Compare them to these bold roars:

“He promised smaller government, so of course he made government bigger.”
“His party preaches fiscal responsibility; and that is why their budget is unbalanced.”
“He is eager to send others to war, precisely because as a youth he dodged the draft.”
“He promised reform, so naturally he appointed corrupt regulators.”
“His foreign policy deliberately endangers national security.”
“He preaches liberty because he works against it.”

            From bondage to liberation, merely by observing hypocrisy. Imagine then the effect of participating in hypocrisy!



Thursday, January 26, 2012

In Praise of Hypocrisy: 4


            Lesser-Evilism



            There’s a fine line between relative and absolute hypocrisy. Consider the case of Lesser-Evilism.

            “Choose the lesser of two evils”; that’s the classic advice of the hypocrite sage. As a compromise it is perhaps forgivable. It doesn’t pretend that its choice is good, just that the alternative is worse. An uncomfortable doctrine; it promises at best a holding action, more likely a disorderly retreat.

            But now consider this mutated version of that advice: “The lesser of two evils is therefore good.” This theory, which I call Lesser-Evilism, is very convenient; for it guarantees a foolproof path to virtue. To be good, you need only be other than somebody else who is worse.

            So if Paul steals $2 from Peter, and if Paul and Saul are rivals, then isn’t Saul justified in stealing only $1 from Peter? Even Peter will agree that’s only half as evil. And if Saul then kicked Peter, then wouldn’t Paul be in the right if he retaliated by merely slapping Peter? Another lesser evil!
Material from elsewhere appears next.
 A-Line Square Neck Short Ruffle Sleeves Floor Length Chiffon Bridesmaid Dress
            Why stop there? $10 is less than $20; vandalism is not as bad as arson; armed robbery isn’t nearly as scary as kidnapping; and so on. The possibilities are endless! In fact Paul and Saul can lesser-evil poor Peter straight into the grave, with Paul and Saul alternately not-to-blame.
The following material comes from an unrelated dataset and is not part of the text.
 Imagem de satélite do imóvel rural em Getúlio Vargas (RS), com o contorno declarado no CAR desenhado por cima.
            Note that Paul and Saul are rivals in name, but they’re partners in practice. Their crimes justify each other. Paul and Saul have a lot more in common with each other than either of them has with Peter. And as for poor Peter, he has only himself not-to-blame. After all, he got what he didn’t deserve.

            You’d think that Lesser-Evilism would fail when Paul and Saul are both too obviously wrong to justify themselves or each other. But that is precisely when hypocrisy becomes absolute, and doublethink takes over. Lesser becomes greater; so Lesser-Evilism becomes Greater-Evilism, and the race to the bottom accelerates towards its goal.

            The trouble with Lesser-Evilism is that you can never be sure that the lesser evil is lesser; but you can always be sure that the lesser evil is evil. (If you weren’t, then there would be no talk of lesser evils.) Thus Lesser-Evilism tends to revert to Evilism; the belief that all evil is good. Evilism is, of course, a core hypocritical value. Once you accept it as a moral axiom, then all else follows.